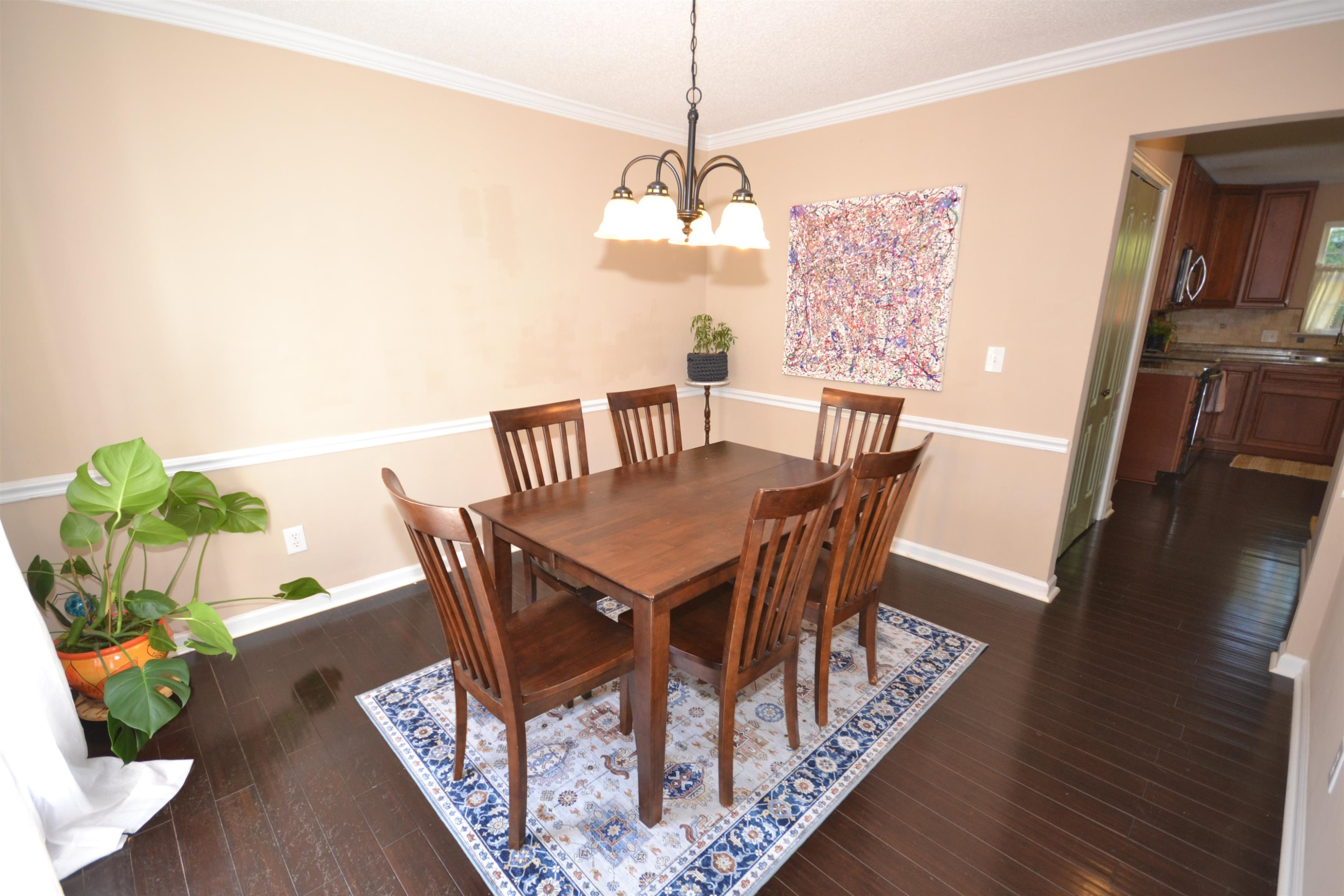 5501 Cardinal Grove Boulevard Raleigh, NC 27616 - Photo 5 of 37 a view of a dining room with furniture wooden floor and a chandelier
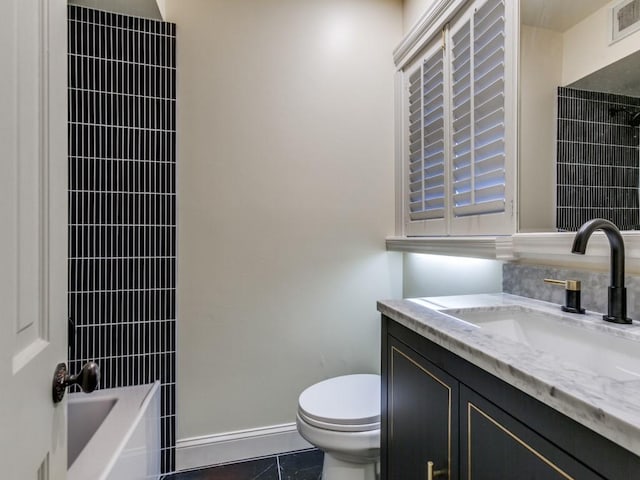 full bath with visible vents, vanity, toilet, and baseboards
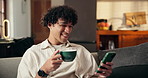 Home, coffee and happy man on couch, smartphone for social media and message to contact. Apartment, espresso and person with funny meme, relax and cellphone for online reading and website for humor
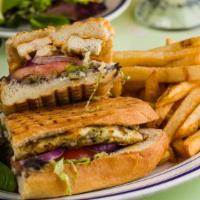 Grilled Chicken Torta Combo · Grilled chicken, black bean spread, lettuce, tomato, red onion, chipotle mayo on a toasted r...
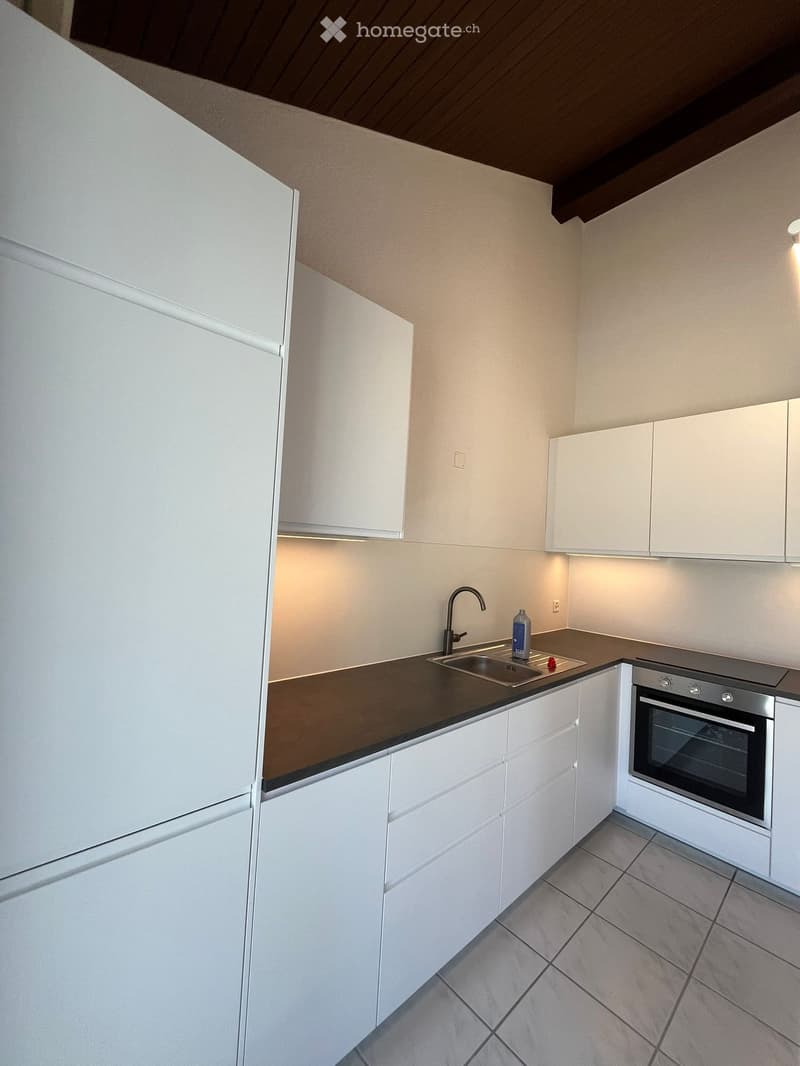 Modern kitchen with white cabinets, dark countertops, stainless steel sink, and oven. Features a bottle on the counter and a faucet above the sink.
☆ ☆ ☆
• _GOAL OF THE EXERCISE_
Copy out every entry above word for word; omit the images.

• _RESPONSE AREA_
 5501 Cardinal Grove Boulevard Raleigh, NC 27616 - Photo 5 of 37 a view of a dining room with furniture wooden floor and a chandelier
 full bath with visible vents, vanity, toilet, and baseboards
 Home, coffee and happy man on couch, smartphone for social media and message to contact. Apartment, espresso and person with funny meme, relax and cellphone for online reading and website for humor
 Grilled Chicken Torta Combo · Grilled chicken, black bean spread, lettuce, tomato, red onion, chipotle mayo on a toasted r...
 Modern kitchen with white cabinets, dark countertops, stainless steel sink, and oven. Features a bottle on the counter and a faucet above the sink.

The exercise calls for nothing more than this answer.